There is genuine risk aversion. MFs are staying away from below-AAA rated securities
With lower-rated securities proving to be albatrosses on their necks, debt mutual funds (MFs) are increasingly playing it safe. Debt MFs are shunning securities issued by corporates and NBFCs (non-banking finance companies) and are increasing their exposure to G-Secs (government securities) and bonds issued by public sector units (PSUs).
Playing it safe
Debt MF holdings of G-Secs and PSU bonds as a proportion of their overall portfolio increased to 23.1 per cent in April from 21.2 per cent in February. It constituted only 17.2 per cent of the holdings in August last year. Their exposure to G-Secs alone has gone up to 8.6 per cent in April compared to 5.2 per cent last August. Fund houses now hold G-Secs to the tune of Rs 116210 crore, a 52.1 per cent surge in six months, data with market regulator SEBI showed.
In contrast, fixed-income MF holdings in corporate debt have fallen from 28.2 per cent in February (nearly Rs 432700 crore) to 26.9 per cent (around Rs 364420 crore) in April this year. Risk aversion was visible in the credit rating profile of instruments held by debt MFs. There was also a sharp churn in the quality of papers held, with the share of ‘sub-AAA’ rated securities in the portfolios of debt MFs falling from 41 per cent in September last year to 22 per cent in March 2020.
Incidentally, SEBI allowed fund houses to invest an additional 15 per cent of AUM (assets under management) in G-Secs and T-Bills (Treasury bills). These were allowed in corporate bond, banking & PSU debt, and credit risk funds from mid-May, after a representation from the industry body AMFI (Association of Mutual Funds in India). G-Secs are considered safe and liquid instruments.
From a high of 76 per cent around the IL&FS crisis in September 2018, the share of private sector paper (including that of NBFCs) is down to sub-60 per cent levels now. Debt MFs are large participants in the corporate bond market. But they have been reducing their exposure to corporates and are now focusing only on top-rated papers. Top corporates that borrow from MFs include those from telecom, oil and gas, power and mining sectors
Private NBFC papers shunned
Private sector NBFCs have recorded the sharpest fall in their share in debt MF industry AUMs (assets under management). The share of private sector NBFCs started declining in the portfolios of debt funds after the IL&FS crisis.

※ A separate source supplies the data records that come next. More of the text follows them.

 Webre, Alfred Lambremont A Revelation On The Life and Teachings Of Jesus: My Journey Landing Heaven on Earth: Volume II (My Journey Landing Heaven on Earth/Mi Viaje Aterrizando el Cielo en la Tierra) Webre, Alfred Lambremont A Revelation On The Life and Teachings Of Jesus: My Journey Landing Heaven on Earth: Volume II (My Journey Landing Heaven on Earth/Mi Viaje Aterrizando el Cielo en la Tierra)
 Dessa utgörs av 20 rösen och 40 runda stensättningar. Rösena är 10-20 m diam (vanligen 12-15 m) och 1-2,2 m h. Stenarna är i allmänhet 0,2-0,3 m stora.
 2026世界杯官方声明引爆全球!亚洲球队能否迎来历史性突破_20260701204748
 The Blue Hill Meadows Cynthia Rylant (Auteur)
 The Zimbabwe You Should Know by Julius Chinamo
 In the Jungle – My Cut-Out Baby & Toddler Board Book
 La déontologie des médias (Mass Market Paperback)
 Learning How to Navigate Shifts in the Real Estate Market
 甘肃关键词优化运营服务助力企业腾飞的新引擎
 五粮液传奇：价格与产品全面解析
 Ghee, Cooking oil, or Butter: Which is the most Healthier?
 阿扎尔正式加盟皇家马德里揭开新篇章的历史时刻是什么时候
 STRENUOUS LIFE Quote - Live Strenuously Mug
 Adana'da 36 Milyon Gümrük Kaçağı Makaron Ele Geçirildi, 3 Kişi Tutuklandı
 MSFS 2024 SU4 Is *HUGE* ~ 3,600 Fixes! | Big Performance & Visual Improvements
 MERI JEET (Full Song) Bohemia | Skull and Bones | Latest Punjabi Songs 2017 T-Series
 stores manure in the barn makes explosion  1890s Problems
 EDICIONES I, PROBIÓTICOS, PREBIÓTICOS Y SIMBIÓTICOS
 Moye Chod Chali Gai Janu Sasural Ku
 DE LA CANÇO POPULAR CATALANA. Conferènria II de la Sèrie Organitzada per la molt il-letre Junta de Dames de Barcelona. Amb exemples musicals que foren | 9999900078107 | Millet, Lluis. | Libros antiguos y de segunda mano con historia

The absolute holdings of private sector NBFC paper have fallen 42 per cent in the last 18 months. But holdings in PSU NBFCs have risen 38 per cent during the period. While the overall NBFC borrowing from MFs has fallen 17 per cent since the ILFS crisis, ‘sub-AAA’ rated papers have plunged 26 per cent.
The winding up of six debt schemes of Franklin Templeton MF in April this year has cast a shadow on the corporate bond segment, with fund managers choosing to buy higher-rated paper. “There is genuine risk aversion. The tendency to stay away from below-AAA rated securities is high among the MF fraternity now,” says Lakshmi Iyer, chief investment officer-debt and Head-products, Kotak Mahindra MF. “G-Sec is a highly liquid asset. Since a lot of inflows are coming into gilt funds (that invest in G-Secs), their share (in MF portfolios) has gone up,” she says.
“The focus on returns has taken a back seat. The general mood is towards safety and security,” says D P Singh, executive director, SBI MF. “Since defaults of payments in securities issued by corporates have gone up in recent months, fund houses are no longer interested in taking risks,” he adds.
“With repeated credit and liquidity events impacting the mutual fund industry, we suspect this pressure on fund supply from this source (fund houses) for corporates could remain,” according to analysts led by Sunil Thirumalai of Emkay Global Financial Services.
What should you do?Investors should stick to banking and PSU debt, corporate bond and short-duration funds that hold securities with good credit rating profiles. Also, check for below-AAA rated securities in your funds’ portfolios. If there is high concentration of lower-rated paper in the portfolio, then it is advisable to avoid such funds. The other factor you should keep in mind while picking your debt fund is your time horizon. Match your goals’ horizon with the underlying funds’ duration. Engage with your advisor more and ask questions. Don’t panic and stay away completely from debt MFs. Staying away from debt funds is not advisable. A good understanding of the products helps in tempering our returns expectations.